2°) ¿Que pronunciamiento corresponde dictar?
Practicado el sorteo de ley (art. 263, in fine del C.P.C.C.); dio el siguiente orden de votación: Dr. Pablo Saúl Moreda y Dr. Luis Adalberto Conti.-
VOTACION:
A la primera cuestión el Dr. Pablo Saúl Moreda dijo:
I.- El Magistrado a cargo del Juzgado de Primera Instancia en lo Civil y Comercial N° 8 Departamental, dictó sentencia en estos actuados, haciendo lugar a la demanda promovida por Marcelo David Montes y Alberto Miguel Montes, contra Ricardo Dario Melian y Leonardo Gabriel Videla, por indemnización de daños y perjuicios; condenando a los antes nombrados a abonar a los actores dentro del quinto día de quedar firme la pertinente liquidación, la suma de pesos ciento trece mil ($ 113.000), con más los intereses que determinó.
Asimismo, hizo extensiva la condena a la citada en garantía “Paraná Sociedad Anónima de Seguros” en la medida del seguro.
Impuso las costas a la parte demandada y citada en garantía y difirió la pertinente regulación de honorarios hasta tanto se encuentre firme la liquidación (ver fs. 325).
II- El apoderado de la demandada y citada en garantía, apela el decisorio, siéndoles concedidos los recursos libremente a fs. 326.
Mediante la pieza electrónica de que da cuenta la fs. 331 fundaron sus discrepancias, las que no recibieron réplica de la parte actora.
III- Se agravian, en primer término respecto de la atribución de la responsabilidad.
Alega que el “a quo” al atribuir la responsabilidad objetiva no tuvo en cuenta que se trata de un camión de gran porte que gira de manera abrupta. Puntualiza que las declaraciones del único testigo de la causa resultan contradictorias y confusas, ya que las partes fueron contestes al afirmar que los vehículos se encontraban en movimiento, en tanto que el testigo refiere que el auto se encontraba estacionado en una esquina, porque la barrera estaba baja.
También discrepa con la afirmación del “a quo” en el sentido que su parte no demostró que el obrar de la actora haya generado el siniestro. Que resulta difícil acreditar la culpa de la víctima, pero de los dichos y del resto de la prueba puede afirmar que el accidente fue producto del obrar negligente del actor, señalando que el Juez al dictar sentencia tiene que tener en cuenta la evolución cultural, científica, moral, económicas al igual que las máximas de las experiencias para apreciar los hechos en su totalidad.

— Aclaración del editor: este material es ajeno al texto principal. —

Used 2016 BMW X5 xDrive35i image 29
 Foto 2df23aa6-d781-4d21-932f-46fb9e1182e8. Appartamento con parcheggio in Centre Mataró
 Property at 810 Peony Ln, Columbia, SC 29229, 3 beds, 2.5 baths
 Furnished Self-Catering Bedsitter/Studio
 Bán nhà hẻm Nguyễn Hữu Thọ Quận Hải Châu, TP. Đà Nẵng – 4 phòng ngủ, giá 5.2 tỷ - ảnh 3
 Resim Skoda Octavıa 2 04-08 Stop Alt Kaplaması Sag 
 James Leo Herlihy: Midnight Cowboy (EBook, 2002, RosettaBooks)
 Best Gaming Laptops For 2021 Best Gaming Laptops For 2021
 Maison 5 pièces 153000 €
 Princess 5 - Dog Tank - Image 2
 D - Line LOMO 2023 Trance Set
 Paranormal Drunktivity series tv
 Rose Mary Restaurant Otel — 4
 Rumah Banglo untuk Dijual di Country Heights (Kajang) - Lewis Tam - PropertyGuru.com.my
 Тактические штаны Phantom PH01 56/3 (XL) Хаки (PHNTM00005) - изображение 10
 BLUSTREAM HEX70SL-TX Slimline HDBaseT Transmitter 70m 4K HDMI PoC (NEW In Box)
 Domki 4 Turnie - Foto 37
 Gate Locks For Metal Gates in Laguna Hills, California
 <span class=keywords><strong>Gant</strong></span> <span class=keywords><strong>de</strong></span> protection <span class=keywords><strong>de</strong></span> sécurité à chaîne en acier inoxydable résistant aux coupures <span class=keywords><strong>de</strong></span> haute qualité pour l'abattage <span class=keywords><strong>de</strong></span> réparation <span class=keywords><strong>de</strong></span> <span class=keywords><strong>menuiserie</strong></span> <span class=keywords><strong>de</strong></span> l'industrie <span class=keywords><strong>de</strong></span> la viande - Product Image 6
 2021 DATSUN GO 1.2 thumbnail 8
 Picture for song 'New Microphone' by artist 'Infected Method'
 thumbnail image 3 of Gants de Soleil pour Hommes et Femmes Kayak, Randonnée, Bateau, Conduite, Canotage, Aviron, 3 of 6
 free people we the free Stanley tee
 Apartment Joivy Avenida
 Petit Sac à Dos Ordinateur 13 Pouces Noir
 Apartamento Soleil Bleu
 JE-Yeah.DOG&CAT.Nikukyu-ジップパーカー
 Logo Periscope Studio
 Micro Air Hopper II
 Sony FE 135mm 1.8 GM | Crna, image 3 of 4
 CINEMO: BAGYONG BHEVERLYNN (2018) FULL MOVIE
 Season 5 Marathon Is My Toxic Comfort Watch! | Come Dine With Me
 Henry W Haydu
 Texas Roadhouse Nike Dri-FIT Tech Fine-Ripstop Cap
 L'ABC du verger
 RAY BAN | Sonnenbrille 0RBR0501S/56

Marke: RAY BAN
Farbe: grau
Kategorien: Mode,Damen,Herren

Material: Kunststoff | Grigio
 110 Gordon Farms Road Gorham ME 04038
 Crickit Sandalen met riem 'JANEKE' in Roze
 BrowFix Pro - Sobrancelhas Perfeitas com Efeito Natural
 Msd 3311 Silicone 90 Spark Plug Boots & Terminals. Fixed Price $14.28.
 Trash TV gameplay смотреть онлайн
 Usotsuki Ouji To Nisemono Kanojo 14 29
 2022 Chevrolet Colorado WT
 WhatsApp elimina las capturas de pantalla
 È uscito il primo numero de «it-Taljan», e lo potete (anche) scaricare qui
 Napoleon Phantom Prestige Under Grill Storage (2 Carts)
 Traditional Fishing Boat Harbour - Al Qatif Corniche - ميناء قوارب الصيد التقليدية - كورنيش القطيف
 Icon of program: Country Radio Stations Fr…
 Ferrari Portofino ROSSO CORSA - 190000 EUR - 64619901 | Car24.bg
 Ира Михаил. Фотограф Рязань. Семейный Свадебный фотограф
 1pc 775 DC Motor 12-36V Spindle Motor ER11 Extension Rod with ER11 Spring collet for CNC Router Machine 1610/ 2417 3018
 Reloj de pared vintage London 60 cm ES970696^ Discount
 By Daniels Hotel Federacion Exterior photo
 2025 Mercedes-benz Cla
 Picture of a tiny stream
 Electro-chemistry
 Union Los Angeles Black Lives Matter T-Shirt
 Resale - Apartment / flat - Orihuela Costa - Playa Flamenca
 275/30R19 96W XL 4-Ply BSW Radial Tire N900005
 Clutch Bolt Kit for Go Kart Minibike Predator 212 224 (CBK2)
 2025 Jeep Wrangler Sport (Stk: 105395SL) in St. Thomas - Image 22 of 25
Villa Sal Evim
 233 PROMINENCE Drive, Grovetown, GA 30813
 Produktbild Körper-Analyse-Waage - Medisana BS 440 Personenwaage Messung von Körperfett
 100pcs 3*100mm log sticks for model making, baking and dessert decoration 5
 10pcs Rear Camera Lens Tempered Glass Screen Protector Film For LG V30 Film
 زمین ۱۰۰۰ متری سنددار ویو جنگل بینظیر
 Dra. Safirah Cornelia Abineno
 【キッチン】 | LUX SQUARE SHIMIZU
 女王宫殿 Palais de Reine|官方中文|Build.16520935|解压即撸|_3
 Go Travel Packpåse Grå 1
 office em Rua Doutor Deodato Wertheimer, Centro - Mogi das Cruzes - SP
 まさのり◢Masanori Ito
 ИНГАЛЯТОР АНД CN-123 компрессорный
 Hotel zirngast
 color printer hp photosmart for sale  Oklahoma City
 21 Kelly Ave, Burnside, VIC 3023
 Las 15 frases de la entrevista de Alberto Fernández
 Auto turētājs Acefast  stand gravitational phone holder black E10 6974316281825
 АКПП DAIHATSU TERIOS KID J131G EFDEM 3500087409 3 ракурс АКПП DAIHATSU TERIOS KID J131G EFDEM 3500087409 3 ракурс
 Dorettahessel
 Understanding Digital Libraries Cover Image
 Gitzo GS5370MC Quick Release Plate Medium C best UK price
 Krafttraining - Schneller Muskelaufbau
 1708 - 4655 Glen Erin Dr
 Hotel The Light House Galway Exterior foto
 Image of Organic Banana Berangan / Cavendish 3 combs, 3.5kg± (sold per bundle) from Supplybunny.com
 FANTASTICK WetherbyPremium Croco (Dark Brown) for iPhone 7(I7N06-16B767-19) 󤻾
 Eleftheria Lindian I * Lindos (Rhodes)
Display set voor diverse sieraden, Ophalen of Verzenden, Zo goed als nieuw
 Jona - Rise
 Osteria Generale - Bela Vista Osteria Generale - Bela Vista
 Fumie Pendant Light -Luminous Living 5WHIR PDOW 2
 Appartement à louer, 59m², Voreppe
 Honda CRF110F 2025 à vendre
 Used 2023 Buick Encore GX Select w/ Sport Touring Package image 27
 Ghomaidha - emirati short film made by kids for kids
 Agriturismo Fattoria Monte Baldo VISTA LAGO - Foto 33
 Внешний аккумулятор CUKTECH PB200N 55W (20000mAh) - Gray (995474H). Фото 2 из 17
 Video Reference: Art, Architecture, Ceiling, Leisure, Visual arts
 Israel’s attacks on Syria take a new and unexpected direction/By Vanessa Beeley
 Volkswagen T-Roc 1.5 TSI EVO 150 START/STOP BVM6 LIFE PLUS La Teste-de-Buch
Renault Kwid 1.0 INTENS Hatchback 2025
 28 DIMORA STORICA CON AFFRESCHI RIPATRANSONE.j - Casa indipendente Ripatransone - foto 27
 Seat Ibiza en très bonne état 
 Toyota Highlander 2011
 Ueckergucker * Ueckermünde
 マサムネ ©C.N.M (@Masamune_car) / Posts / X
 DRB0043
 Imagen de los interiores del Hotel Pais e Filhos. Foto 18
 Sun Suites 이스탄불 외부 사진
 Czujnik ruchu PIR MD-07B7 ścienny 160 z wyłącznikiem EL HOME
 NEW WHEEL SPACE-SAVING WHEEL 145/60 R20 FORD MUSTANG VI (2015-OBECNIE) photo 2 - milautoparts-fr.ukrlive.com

En su disconformidad agrega que no puede pasar inadvertido que un camión no puede realizar la maniobra que dice el actor en una calle; esto es que venga por atrás el camión, pase por la izquierda y realice un giro hacia la izquierda en un lugar prohibido.
Finalmente, señala que la culpa debe atribuirse al actor por intentar sobrepasar al camión por la derecha, teniendo el conducto de un vehículo de gran porte una visión limitada de la calzada, y que por lo tanto, el vehículo de menor porte debiera tomar la precaución de no conducir en forma paralela.
Por todo ello, peticiona que se revoque la sentencia en cuanto atribuye a sus mandantes la responsabilidad en el evento, por entender que la culpabilidad del mismo es exclusiva de la víctima, y/o en su caso, se atribuya responsabilidad concurrente.
IV- En subsidio, se agravia impugnando los rubros daño físico e incapacidad sobreviniente y sus partidas indemnizatorias.
De este modo, y en lo atinente al daño físico indica que si bien el “a quo” no se apartó de la pericia médica realizada por la Dra. Elsa Daniela Castro, la misma carece de sustento fáctico y jurídico, porque no verificó en el coactor Marcelo Montes la existencia de prueba médica de fase aguda que conste de un diagnóstico de un esguince cervical moderado a severo, pasando dos años entre los estudios y el hecho, no pudiendo afirmarse con entidad científica suficiente que la patología sea por el siniestro de autos.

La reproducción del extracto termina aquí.